2話
翌日、リルドはいつものようにギルドの隅で、依頼ボードの最下段に貼られた「薬草採取」の依頼書を剥がした。
「おはよう、リルド。今日もそれかい?」
「おはようございます、マスター。ええ、この森の奥に生える『月見草』が、そろそろ良い時期だと思って」
ギルドマスターは苦笑しながら、彼を見送った。周囲の新人冒険者たちは「またあいつか」と鼻で笑うが、一部の熟練者だけは、リルドの歩き方に一切の無駄がないことを見抜いている。
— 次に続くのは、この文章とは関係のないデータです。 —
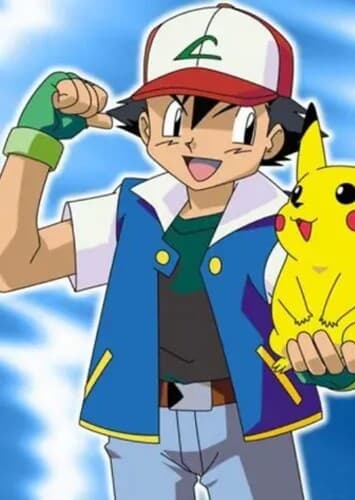 Ash Ketchum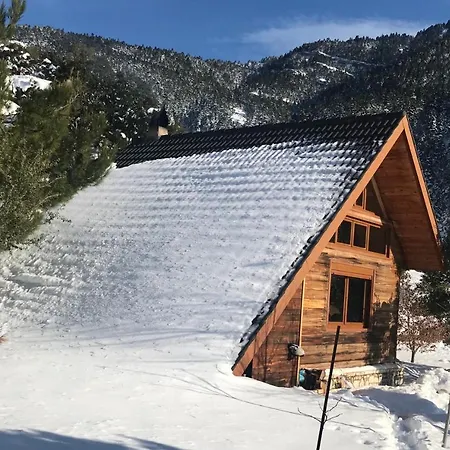 Lodge In The Forest Καλάβρυτα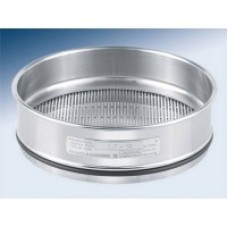 Сито лабораторное металлическое Haver and Boecker, квадр. ячейка 10 мм, размер 200х50 мм, полотно - ПП, рама - НС (Кат. № 528090)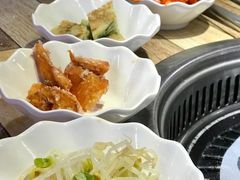 -韩俊焰烤肉自助餐(增城万达广场店)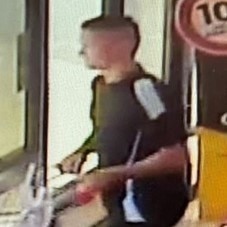 Police are seeking this man, who they believe may be able to assist them with their investigation into the alleged theft of grocery items from a Coomera supermarket in August and September.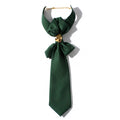 BLUEBELL TIE - VANIA GOLD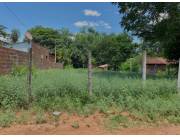 VENDO AMPLIO TERRENO EN SAN LORENZO REDUCTO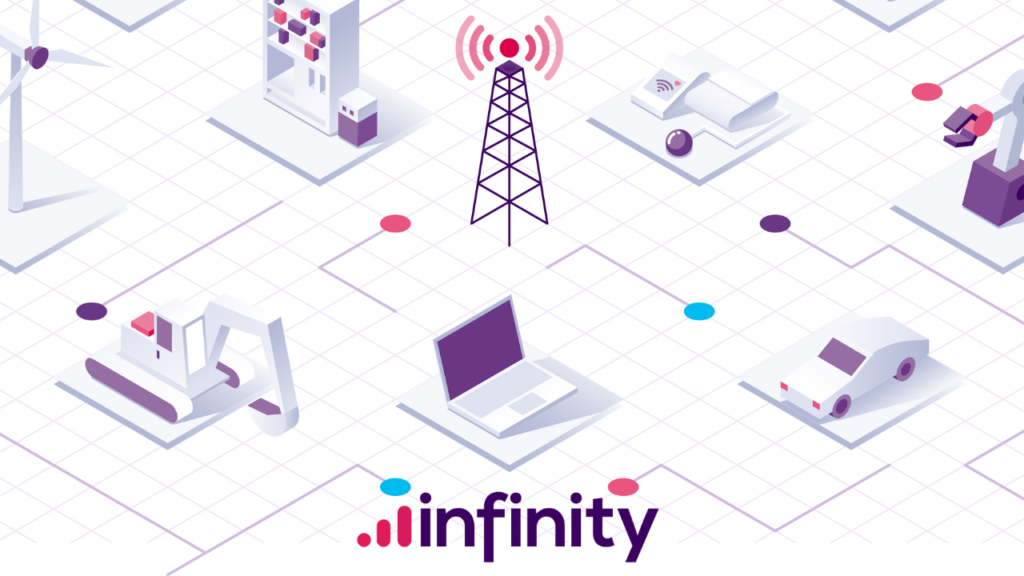 Eseye’s Infinity IoT Platform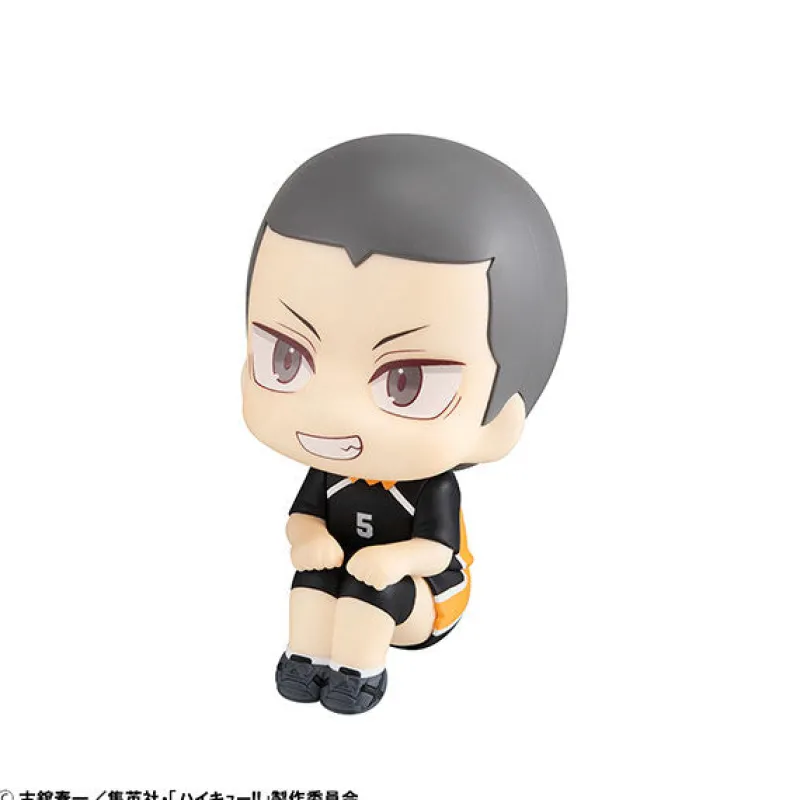 New MegaHouse Haikyuu!! - Tanaka Ryuunosuke - Look Up - Uniform Ver.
森へ入ると、リルドはわざと獣道を外れ、静かな木漏れ日が差し込む場所を選んで歩いた。
「お、あったあった」
そこには、淡い光を放つ青い草が群生していた。リルドは腰を下ろし、土を傷つけないよう丁寧に一株ずつ根から掘り起こしていく。
その時、ガサリと茂みが揺れた。
現れたのは、昨日リルドに助けられたDランクの冒険者パーティーの一人、剣士の青年だった。彼はリルドを追いかけてきたらしく、肩を激しく上下させている。
「……やっぱり、あんた、ただのFランクじゃないだろ」
青年は真っ直ぐにリルドを見据えた。
「昨日のフォレストベアの一撃……あんなの、Sランクの剣聖だってできるかどうかだ。あんた、本当は何者なんだ?」
リルドは手を止め、困ったように眉を下げた。そして、手元にある一輪の月見草をそっと青年に見せた。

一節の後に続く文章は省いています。